Monday, July 21, 2008

Weekend Watcher: CTJ


"Wicker Man" *****

Five big scary stars, all the way. I already love 70s horror films like "Black Christmas," "Don't Look Now," and "Suspiria," and this one certainly belongs in that most hallowed family. An instant entry into my Top 10 Horror Films of all-time, and perhaps even my Top 5.

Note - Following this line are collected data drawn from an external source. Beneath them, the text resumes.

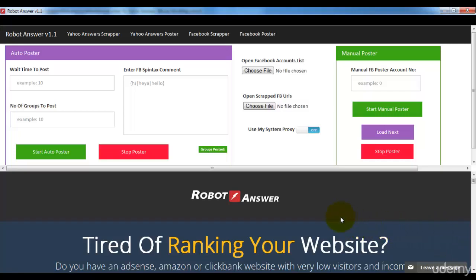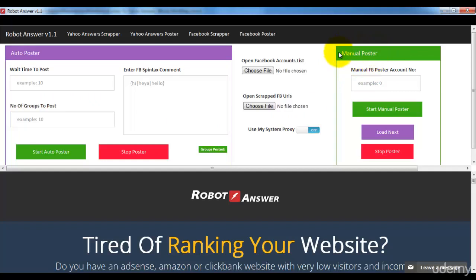Here is the Facebook poster. Let me explain the basic things. You can see the auto poster, which is an automatic poster — it will run automatically 24/7 if you start it, until it posts to all Facebook groups. The manual poster lets you manually post to Facebook groups, which is very useful if you want high quality posts and want to interact with Facebook group members.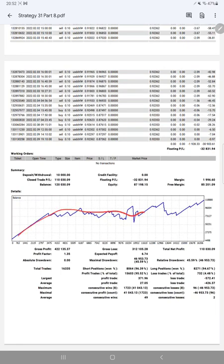Here is a graph. It's constantly growing. The profit factor is 1.35, and the total number of trades are 16,335.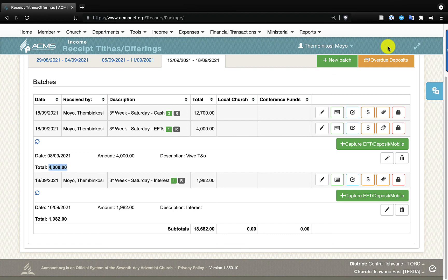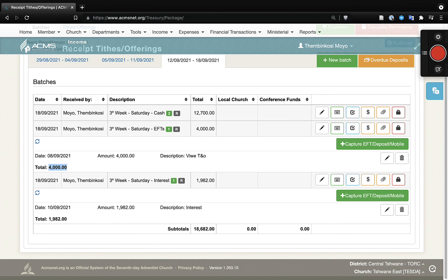You can open more than one batch on a particular Sabbath. As you can see, I opened three batches for this one Sabbath: one for cash, one for EFT, and one for interest. I hope this will help us as we use the system. As we get more ideas and insights, we'll be sharing with you on this channel. Please subscribe so you can receive any new videos we record. Thank you so much for your time.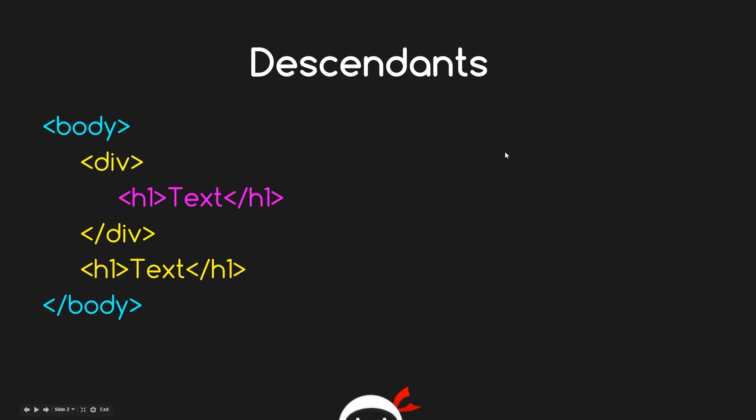This h1 here is a descendant of the div tag and the body tag. They're all descendants of the body tag. So you can kind of look at this a bit like a family tree, you know, where you've got the father, the mother, the children, the grandchildren, that kind of thing. So it's a pretty simple concept and we're going to use this concept in creating some CSS selectors right now.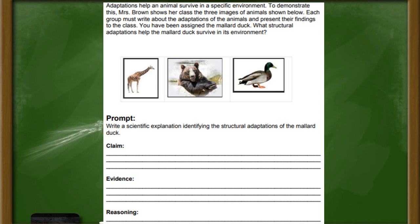The activity is called Claim Evidence Reasoning and it's on STEM Scopes. When you complete this activity, you'll be given a scenario — that means a situation to read about first that relates to the science topic we're talking about. Then you'll be given a prompt, which is kind of like a question or something that makes you think about what is going on in the scenario. With the prompt, you'll have to provide a claim, evidence, and reasoning.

I cannot imagine what the remake featuring Nicolas Cage is like, but it's not difficult to believe that it did indeed suck like the reviews said. Because this thing is so perfect it doesn't need to be remade, and like Gus Van Sant's tribute to "Psycho," it could only hold a secondary candle to the original.

See it? YOU BET.

"This is England" ****

A very nice tribute to 1980s England, seen through the eyes of a boy who finds a family in a group of street punks who recalled Neverland's Lost Boys (and girls, in this case). The film grows darker as it progresses into more radical skinhead territory a la "American History X" and "The Believer," but it is a great viewing experience, and features solid acting performances. Good luck interpreting those British accents -- there are no subtitles, kids. :)

See it? Yep.

"The Other Boleyn Girl" ***

I expected to hate this film, as period pieces tend to make me dart for the porcelain throne, my stomach in my hands, barf exiting my mouth like water from a high-powered fire-hose. This is a decent flick after all, although it's nothing I need to see again. The actors all turn in solid performances and writing is good enough, but the movie also suffers at least one grievous wrong. Since it is supposed to tell the story of Ann's sister Mary, whom history is apparently silent about (Am I wrong?), it really does nothing to convince us (or at least me) that history ever needed to speak about her.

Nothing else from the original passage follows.